Gille-Vliegen, à quitte ou double

Les secrets d’un duo de choc

Leur saison 2019 s’est transformée en un incroyable conte de fée. Véritables forçats de l’ombre, Joran Vliegen (gaucher, 26 ans) et Sander Gillé (droitier, 28 ans) sont parvenus à se hisser parmi le Top 50 de la très relevée hiérarchie mondiale du double. Un exploit, tout simplement !

Auréolé de ses trois premiers titres ATP (à Bastad, Gstaad et Zhuhai) cette année, ce duo limbourgeois a également fait ses premiers pas en Grand Chelem à Wimbledon y passant même passé un tour avant d’expérimenter l’US Open. Grâce à leurs performances, ils font désormais partie des valeurs sûres du circuit, et peuvent prétendre aux ATP500 (comme à Vienne en octobre) et même aux Masters 1000 (comme à Paris-Bercy pour le dernier de l’année). "Aux yeux des joueurs des circuits, notre statut a changé. Maintenant, on est respecté, il y a plus d’attention autour de nous", reconnaissait Sander.

Rappelez-vous, en février dernier, ils avaient copieusement participé à la samba de la bande à Van Herck contre le Brésil en barrages de Coupe Davis.
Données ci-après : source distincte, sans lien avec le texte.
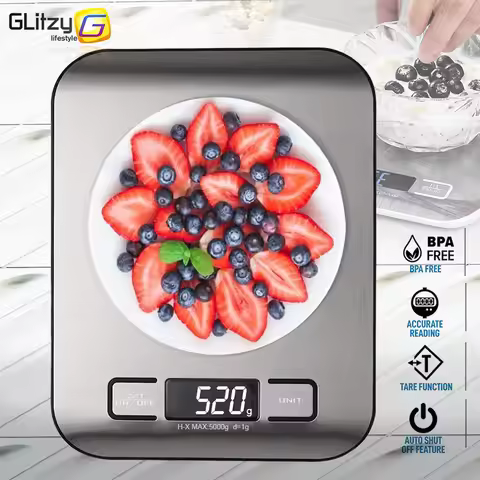 Kitchen Scale Digital 5/10kg 1g Electronic Weight Grams and Ounces Stainless Weighing Balance Measur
Les Belges s’étaient ouverts les portes de la grande finale du Saladier d’Argent à Madrid. C’est d’ailleurs sur la terre battue d’Uberlândia, lors de ce brillant fait d’armes signé face la solide paire Marcelo Melo - Bruno Soares que les deux Belges sont entrés dans une autre dimension.

"C’était la première fois qu’on remportait un tel match", confiait le droitier de l'équipe. "Cela nous a donné énormément de confiance et très certainement fait office de déclic". Son partenaire gaucher abondait dans ce sens. "Sous pression, devant un tel public, parvenir à prester à ce niveau, ce fut libérateur. On était conscient qu’on pouvait battre des équipes du top, mais là on en avait la preuve."

À quelques jours de la phase finale de cette drôle de Coupe Davis à la sauce Piqué, les deux hommes ont encore faim et veulent conclure ce cru 2019 en beauté. Après le déclic brésilien, place à la confirmation madrilène ? Immersion au cœur d’un duo de choc empreint d’humilité mais aussi, et surtout, d’une bonne dose d’ambition.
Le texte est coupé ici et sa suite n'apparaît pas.